A dos tiros de piedra aparece en la vega, sobre la blanda hierba, tapizada de gotas iluminadas por el astro de la noche como pequeños diamantes, la alegre y blanca procesión de las vírgenes esclavas, que oran y trabajan en medio de la más estricta clausura del alto convento, entre las piedras oculto, aherrojado de siglos, de sillares y de celdas frías, en las que languidecen durante el invierno sin ninguna pertenencia. Son las esclavas de un dios al que consagran su vida, sin más conocimiento del mundo exterior, que el de lo que aprecian en esta noche equinoccial de la joven primavera.

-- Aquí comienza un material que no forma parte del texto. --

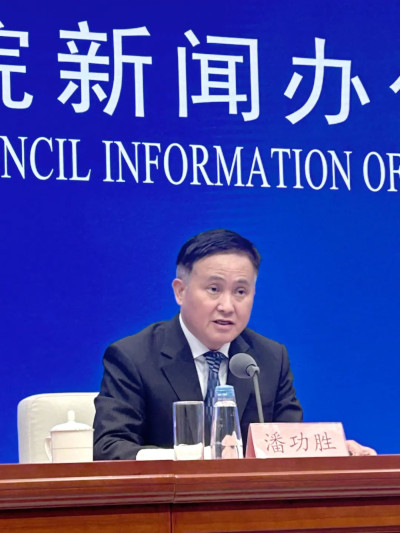 潘功胜：中方欢迎更多拉美国家来华发行熊猫债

Como repetidas Venus renacen del agua, metidas y resacadas en la blanda corriente en esta oscuridad, que será la única hasta la próxima primera noche cuando vuelva a nacer la primavera. Tejen diademas de nardos y de lirios que ciñen sus cabezas. Despojadas de los blancos tocados, de los blancos hábitos, acarician el agua y a unas palmadas de advertencia regresan a la orilla. Siguiendo a continuación un rito oculto, solo conocido por las iniciadas, estas advierten a las novicias y al unísono en medio del silencio nocturno, desnudas, arrodilladas y tiritando de frío, entonan una letanía con fervor y recogimiento extremo.
Tras un largo e incontable silencio durante el que meditan con los brazos en cruz y se flagelan con manojos de juncos arrancados en la orilla. Sin previo aviso de la primera iniciada y posteriormente a continuación, todas, sin concierto antepuesto y en silencio, sin que de sus labios salga ni una sola queja y únicamente cuando estiman en su fuero interno haber alcanzado una paz profunda, reconfortante y duradera, solamente cuando han expiado sus faltas, cuando se encuentran en armonía con su dios, solo entonces reinician la misma procesión, esta vez en recogido silencio sin extraviarse ninguna una vez acabada la ceremonia. Así comienzan a subir las escarpadas sendas que les devuelven al monasterio, dejando la noche vacía y huérfana de misterio.